Heir to the kingdom of Deheubarth
Born 1081 Died 1137

The Background

Gruffudd was the son of Rhys ap Tewdwr, who was ruler of Deheubarth until his death in 1093. Rhys died at the hands of Bernard of Neufmarche attempting to prevent Norman penetration into Wales, and after his death the Normans moved to occupy Deheubarth as they did with much of Wales. Within two months of Rhys' death the Normans overran both Dyfed and Ceredigion where they built castles and fortified them to provide tangible evidence of their control.

The revolt of 1094 loosened the Norman hold on much of Wales, but the aftermath of the revolt, which ended in 1099, left Ceredigion in the hands of Cadwgan ap Bleddyn of Powys and much of the rest of Deheubarth divided up amongst sundry lesser Welsh lords and new Anglo-Norman masters.

His Life

Gruffudd was too young to play a part in any of these events and was brought up in exile in Ireland, but in the year 1113 Gruffudd returned to Wales eager to try and recover the kingdom of his father. His efforts do not appear to have had much success as the Welsh of Deheubarth seemed to have little interest in further conflict.

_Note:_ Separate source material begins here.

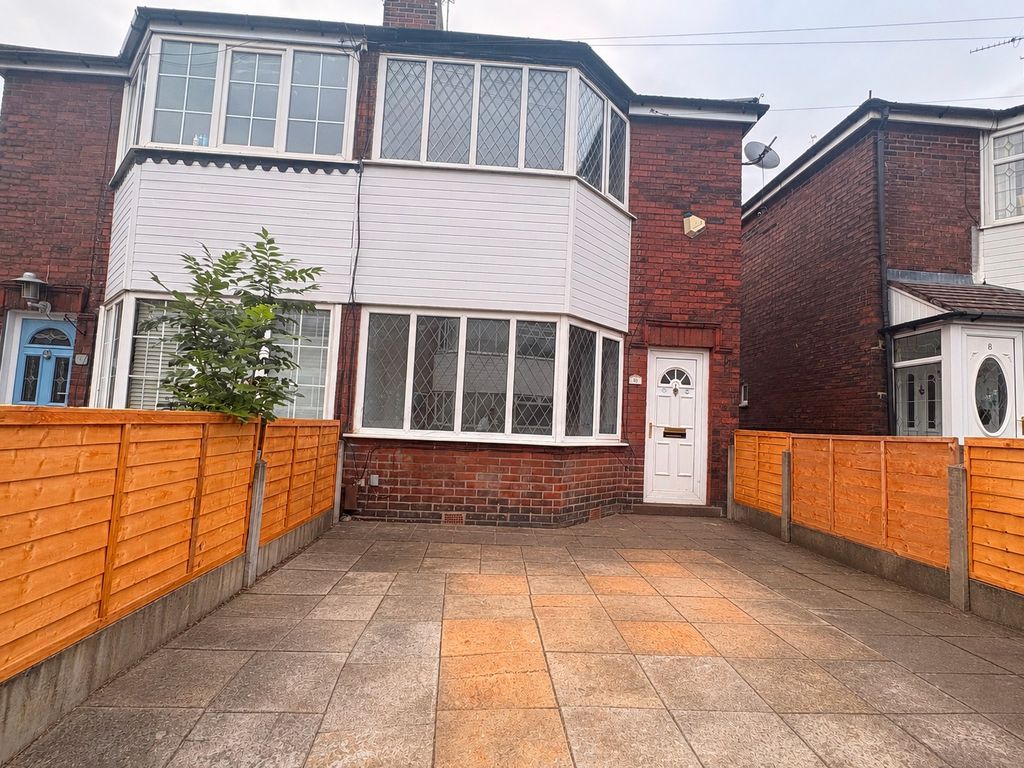 Property photo 3 of 11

So in 1115 Grufudd went north to Gwynedd seeking the help of his namesake Gruffudd ap Cynan. The northern Gruffudd initially offered him shelter but was anxious not to offend Henry I and to endanger his own recently negotiated settlment with the English king. Offered money to hand over Gruffudd ap Rhys he readily agreed, only to find that Gruffudd ap Rhys had been forewarned and had fled to sanctuary in the church at Aberdaron. Gruffudd ap Cynan came with his warband and sought to dislodge Gruffudd ap Rhys, but the local clergy were determined to maintain the privilege of sanctuary and Gruffudd ap Cynan went home empty handed.

Gruffudd ap Rhys went south again and began raiding Anglo-Norman settlements in the south hitting Narberth, Llandovery and Gower in 1116. Henry I however sent an army against him and the rebellion collapsed; Gruffudd rapidly accepted terms and received but one commote in Cantref Mawr in Ystrad Tywi and became a small land-holder subject to one of the Marcher lords.

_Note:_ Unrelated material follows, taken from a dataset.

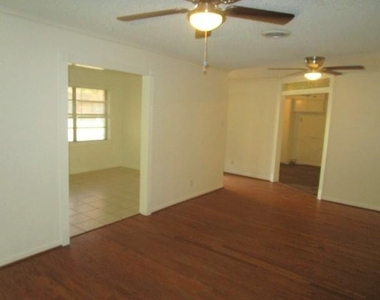 1210 Mcdonald Drive - Photo Thumbnail 1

Thereafter very little is known of Gruffudd for the next twenty years. Despite his previous treatment at the hands of Gruffudd ap Cynan there apears to have been no long term ill-feeling as he went and married Gwenllian Gruffudd's daughter. The Brut records that he killed the otherwise unknown Gruffudd ap Sulhaearn in 1123 and that four years later he was expelled from his territory by Henry I after being "accused without cause by the French who were dwelling along with him".

What happened to him after that is not recorded. He may have returned to Ireland or he may well have been restored to his commote in Cantref Mawr sometime later.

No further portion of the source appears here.